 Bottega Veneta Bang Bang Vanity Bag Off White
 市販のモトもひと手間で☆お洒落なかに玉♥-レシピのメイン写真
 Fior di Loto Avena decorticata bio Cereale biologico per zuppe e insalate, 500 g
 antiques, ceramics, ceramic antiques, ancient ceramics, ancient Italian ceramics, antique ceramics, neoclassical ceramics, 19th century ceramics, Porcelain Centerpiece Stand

------

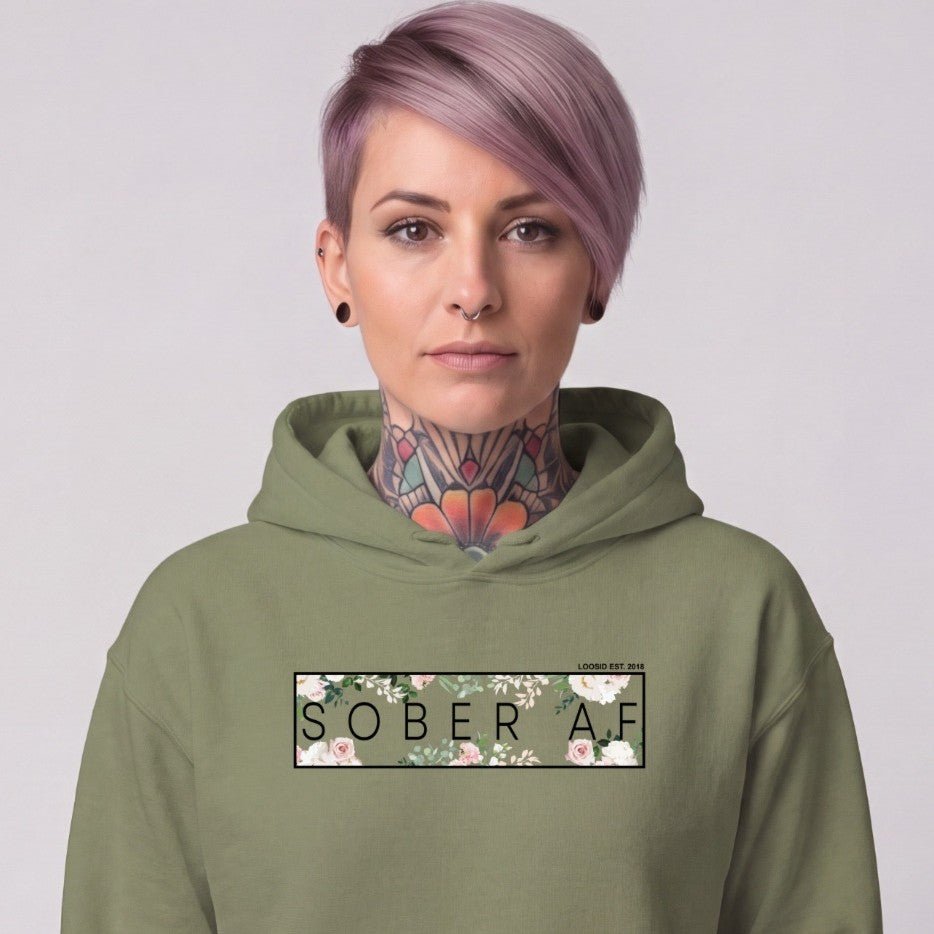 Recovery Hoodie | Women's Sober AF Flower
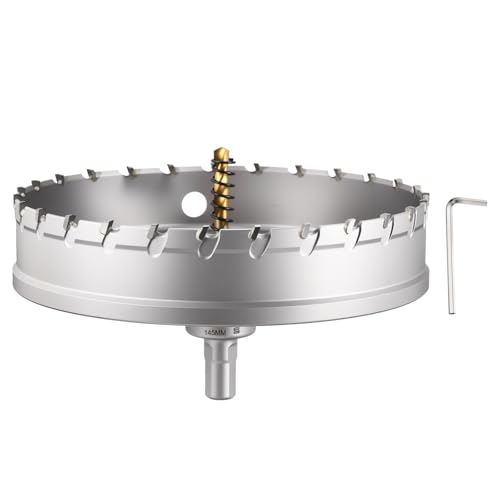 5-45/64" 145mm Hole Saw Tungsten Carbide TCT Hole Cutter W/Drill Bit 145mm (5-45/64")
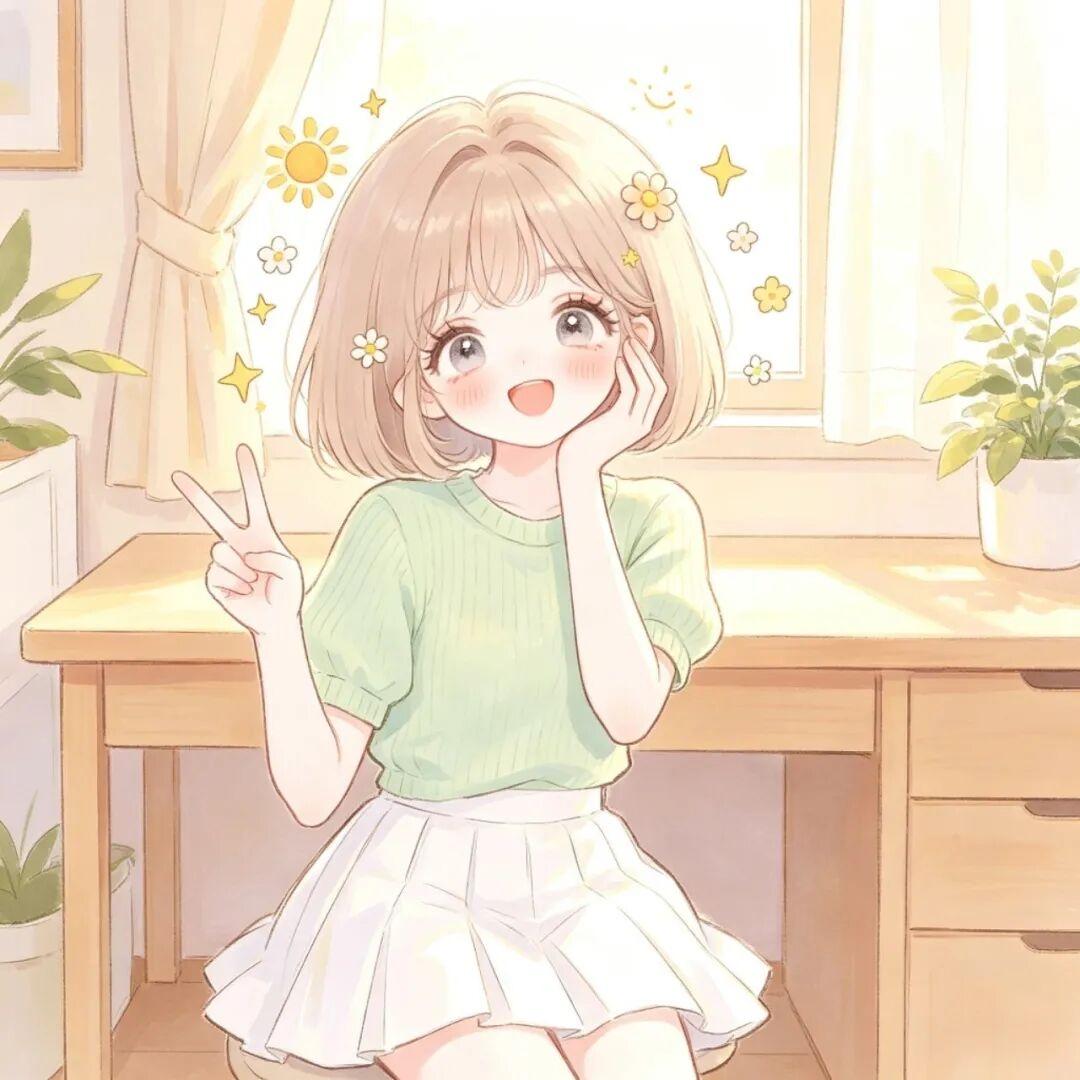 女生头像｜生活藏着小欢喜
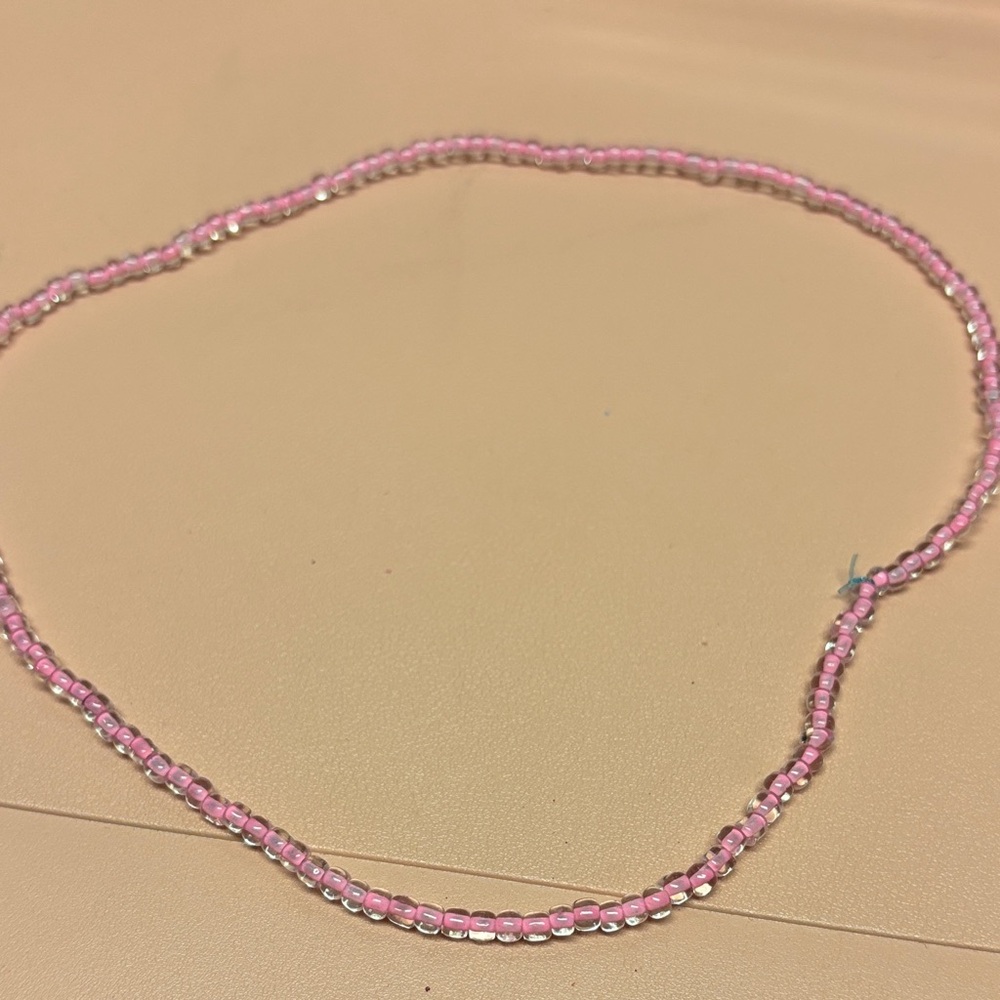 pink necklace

------

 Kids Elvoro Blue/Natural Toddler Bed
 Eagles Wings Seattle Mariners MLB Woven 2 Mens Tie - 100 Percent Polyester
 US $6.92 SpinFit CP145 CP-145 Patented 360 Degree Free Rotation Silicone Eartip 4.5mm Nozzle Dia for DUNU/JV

------

- **Work order**
Write down exactly the span of lines above from the one containing "Bottega Veneta Bang" to the one containing "antiques, ceramics, ceramic", both ends included.

- **Reply**
 Bottega Veneta Bang Bang Vanity Bag Off White
 市販のモトもひと手間で☆お洒落なかに玉♥-レシピのメイン写真
 Fior di Loto Avena decorticata bio Cereale biologico per zuppe e insalate, 500 g
 antiques, ceramics, ceramic antiques, ancient ceramics, ancient Italian ceramics, antique ceramics, neoclassical ceramics, 19th century ceramics, Porcelain Centerpiece Stand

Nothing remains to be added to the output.